Stout Cake with Irish Cream Frosting

As a food blogger, I feel like – when it comes to all things culinary – I’m pretty much up to date with all of the trends.  I spend a lot of time browsing food blogs, foodie websites, and have more food magazines in my mailbox every month than anything else.

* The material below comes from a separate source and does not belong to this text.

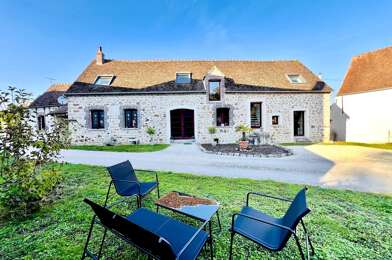 Maison 7 pièces 317300 €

So, when I saw {this post} from I Am Baker a several months ago, I was completely stunned.  It was one of those “Why didn’t I think of that???” moments.  I’ve been putting roses on my cupcakes for a long time now, but it never occurred to me to try it on a cake.

I feel inferior.

Of course, Amanda’s blog posts have always inspired me.  I put her right up there on my Sweetapolita/Bakerella/Sweetopia pedestal, right there among my favorite foodie folks.  They’re all so talented and so fun to read that I suppose it’s ok to feel a little inferior to the likes of them.

See how I try to make myself feel better?

A few weeks ago, I made a wedding cake for my Mom.  She loves wedding cake, probably more than anything else in the whole world.  Maybe even her kids.  Right, Mom?

You don’t have to answer that.  Actually, please don’t answer that.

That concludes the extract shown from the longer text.